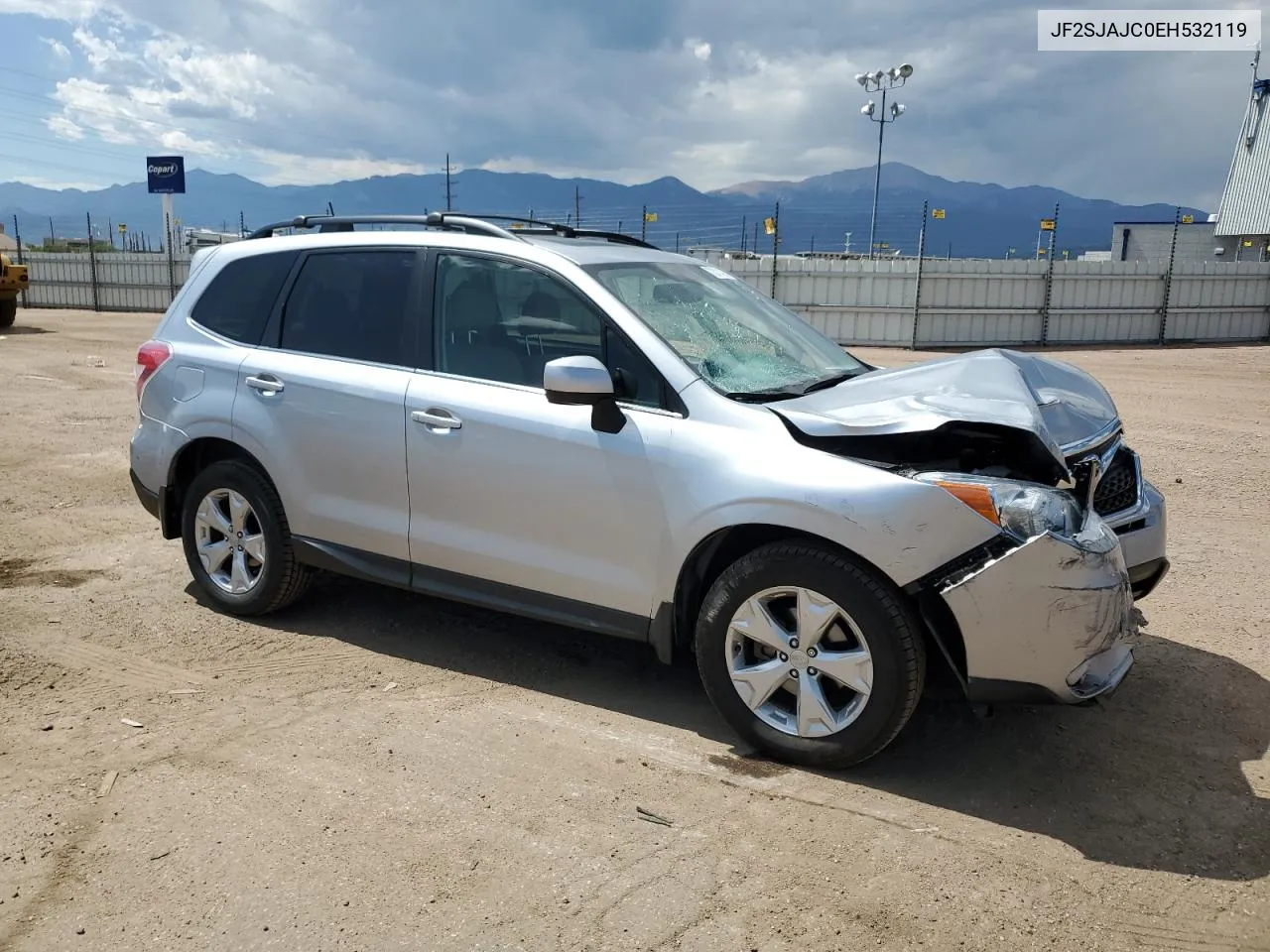 2014 Subaru Forester 2.5I Limited VIN: JF2SJAJC0EH532119 Lot: 70311424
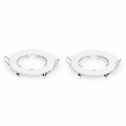 V-TAC VT-778 Recessed round GU10 and GU5.3 (MR16) led spotlight white color - pack 2 pcs - sku 3584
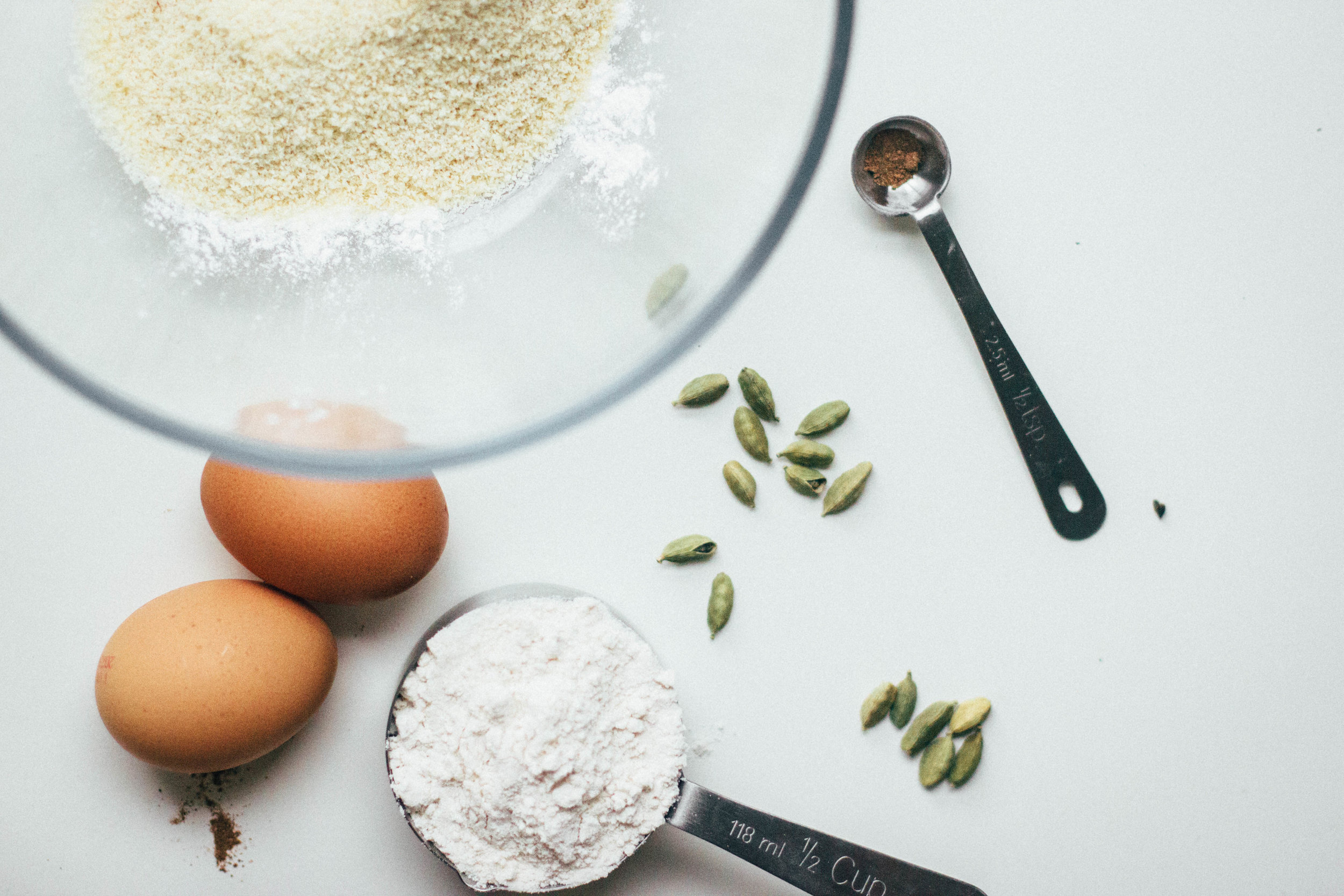 cardamom +pistachio layer cake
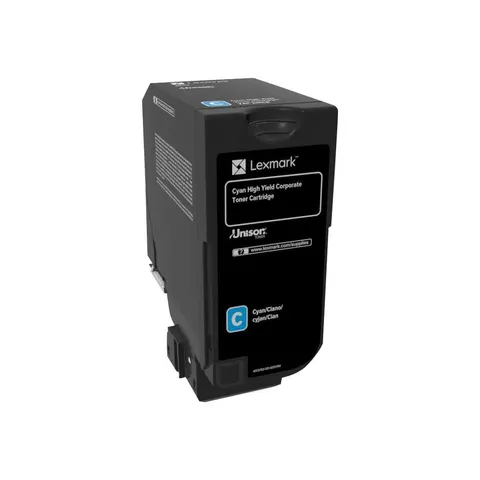 Toner błękitny Lexmark 74C2HCE – zdjęcie 2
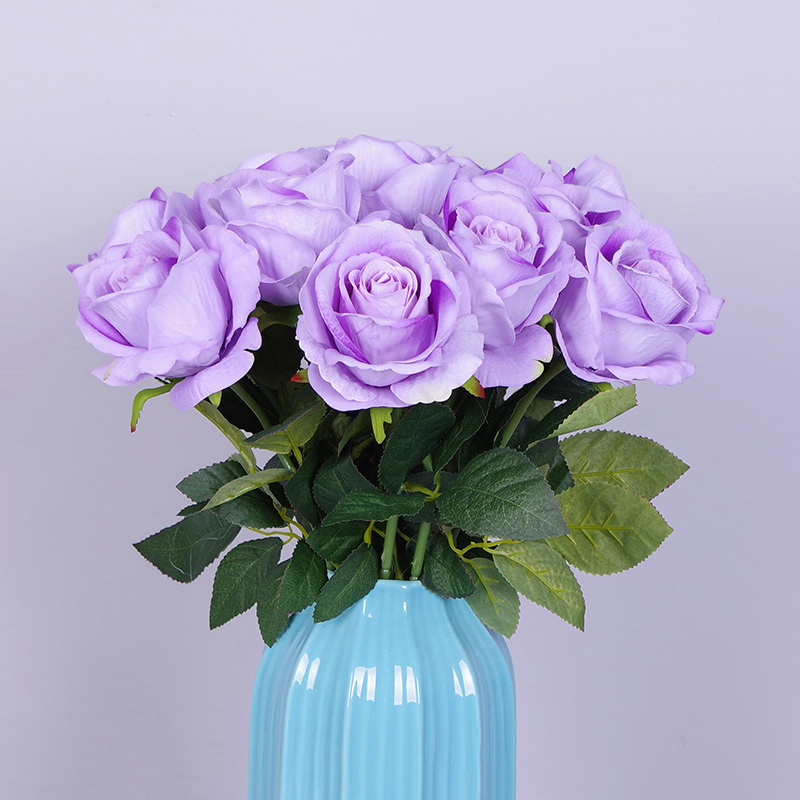 20"/51cm Artificial Roses That Look Real With Stem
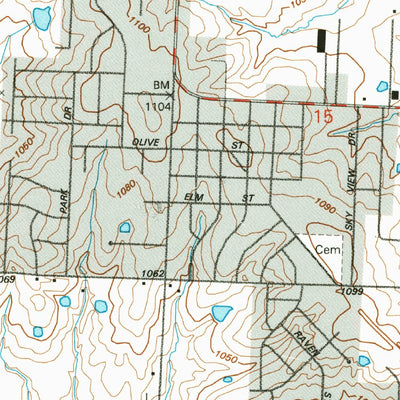 United States Geological Survey Raymore, MO (1990, 24000-Scale) digital map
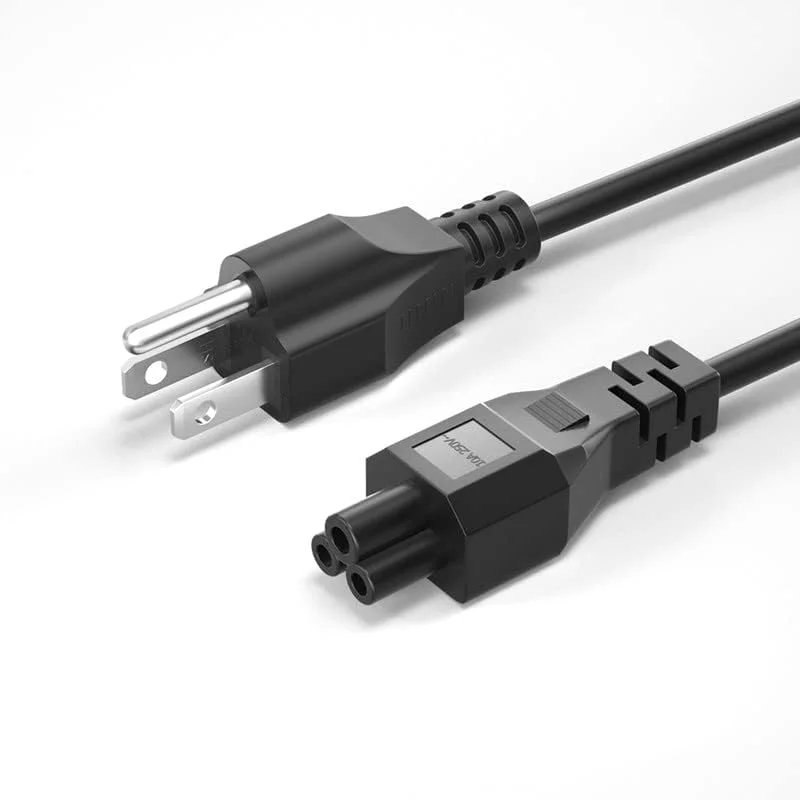 کابل برق 3 شاخه 1.2 متری جایگزین برای پرینترهای اپسون WF 7840, WF 4740, WF 4830, WF 2850, WF-3720, WF-7720, WF-2830, ET 4750, ET-15000 (NEMA 5-15P به IEC320C5)، 1 عدد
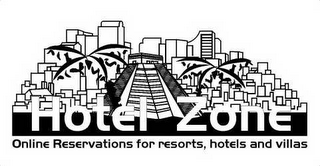 HOTEL ZONE ONLINE RESERVATIONS FOR RESORTS, HOTELS AND VILLAS logo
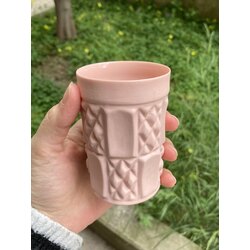 REVA - Pembe Mat Porselen Bardak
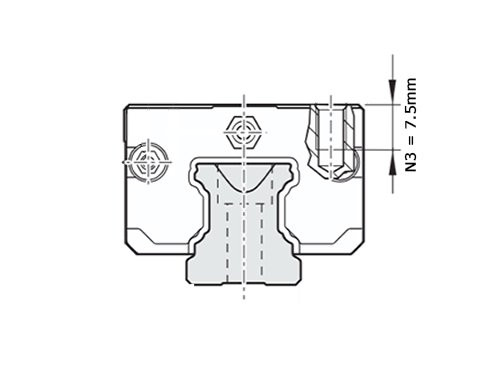 Bosch Rexroth Kogelwagen Koolstofstaal KWD-020-SNS-C0-N-1 Zonder Kogelketting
• • • •
**Requirement**
All the records need to be set down word for word, with the images left out.

**The answer**
 2014 Subaru Forester 2.5I Limited VIN: JF2SJAJC0EH532119 Lot: 70311424
 V-TAC VT-778 Recessed round GU10 and GU5.3 (MR16) led spotlight white color - pack 2 pcs - sku 3584
 cardamom +pistachio layer cake
 Toner błękitny Lexmark 74C2HCE – zdjęcie 2
 20"/51cm Artificial Roses That Look Real With Stem
 United States Geological Survey Raymore, MO (1990, 24000-Scale) digital map
 کابل برق 3 شاخه 1.2 متری جایگزین برای پرینترهای اپسون WF 7840, WF 4740, WF 4830, WF 2850, WF-3720, WF-7720, WF-2830, ET 4750, ET-15000 (NEMA 5-15P به IEC320C5)، 1 عدد
 HOTEL ZONE ONLINE RESERVATIONS FOR RESORTS, HOTELS AND VILLAS logo
 REVA - Pembe Mat Porselen Bardak
 Bosch Rexroth Kogelwagen Koolstofstaal KWD-020-SNS-C0-N-1 Zonder Kogelketting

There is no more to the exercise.